In fact, about three years ago, my ex-colleague Adel Goh wrote about how she interviewed someone who said*, 'Why design for the blind? The Internet isn't for them'. Nothing much has changed since then. The local new media scene is still very much visually-oriented, and that is also because clients are much more impressed with a Flashy, tub-thumping website than a neatly coded (and labelled) one. Granted, the two categories are not mutually exclusive, but so far I have yet to see a locally-produced effort that qualifies for both.
In a way I wonder if this problem is a reflection of our society. Many people have commented over the years on how physically disabled persons in the United States are fairly independent, visible and mobile. Back here, I am curious as to why I never see any handicapped people - unless I volunteer at a Home. On rare occasions I'd see a few people escorting someone on a wheelchair or walking stick at a shopping centre - and that would be it. Is this because of our culture (shame/ not wanting to impose too much on helpers/ too inconvenient)?
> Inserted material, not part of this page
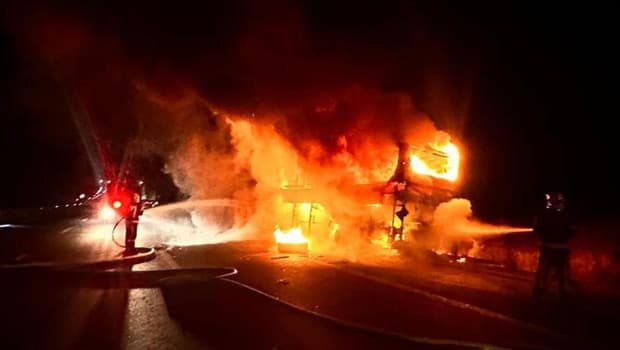 Peş peşe kaza haberleri... Denizli'de facia! Bariyerlere çarparak yanan yolcu otobüsündeki 8 kişi öldü, 33 kişi yaralandı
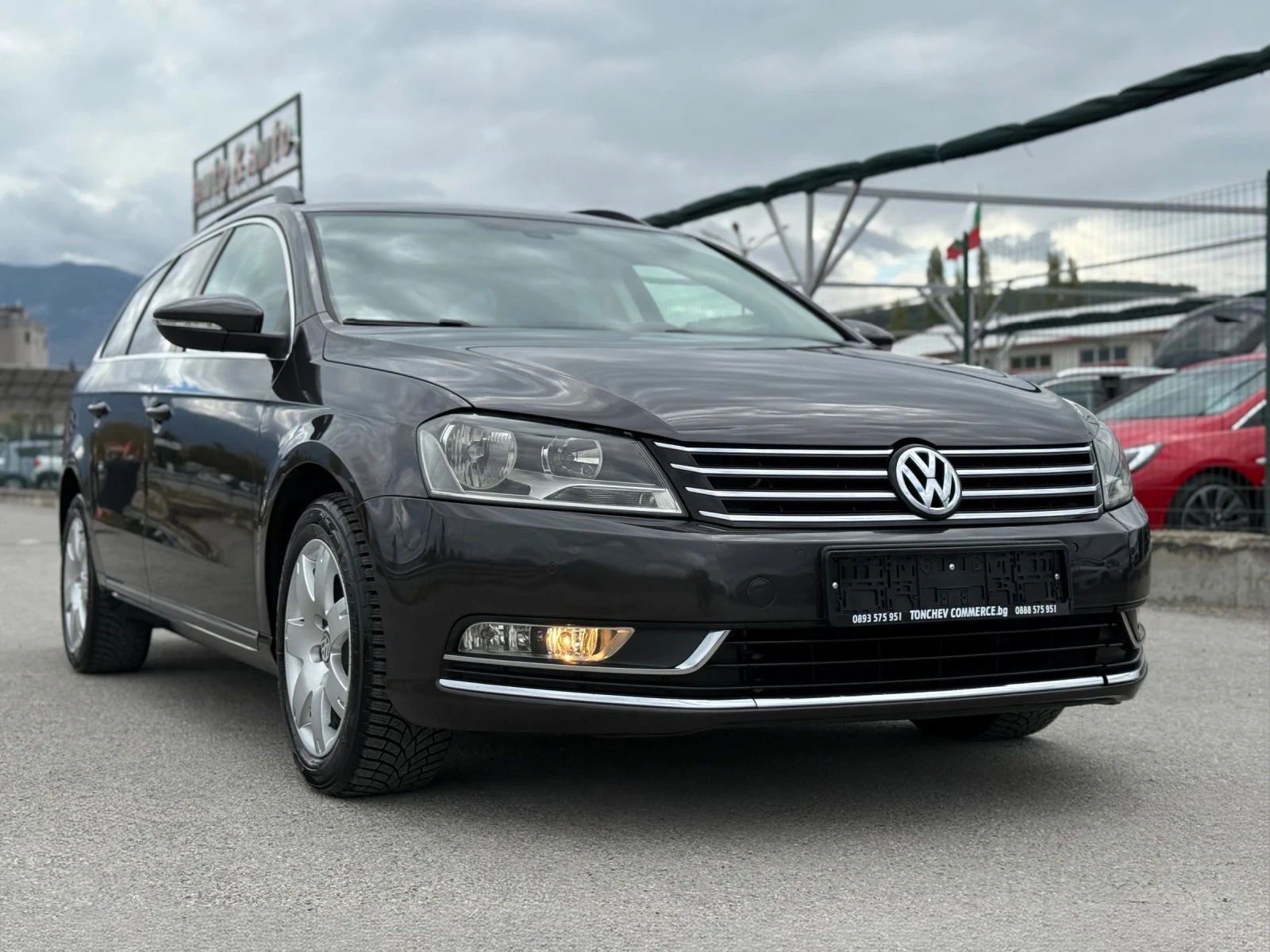 VW Passat 2.0-TDI-AUTOMAT-NAVI-CAR PLAY-PARKTEONIK-TOP-NEW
What's more, I still see many people parking in handicapped lots - despite the threat of fines, wheelclamping or both (we call these the 'Socially handicapped', who are also 'visually handicapped' when they tell officers that they didn't notice the huge sign next to their lot.).
Regardless of how reality ties in with our virtual behaviour, it is something that has to change. And soon.
* - Time has eroded my memory but I do recall that was the gist of the interview candidate's statement.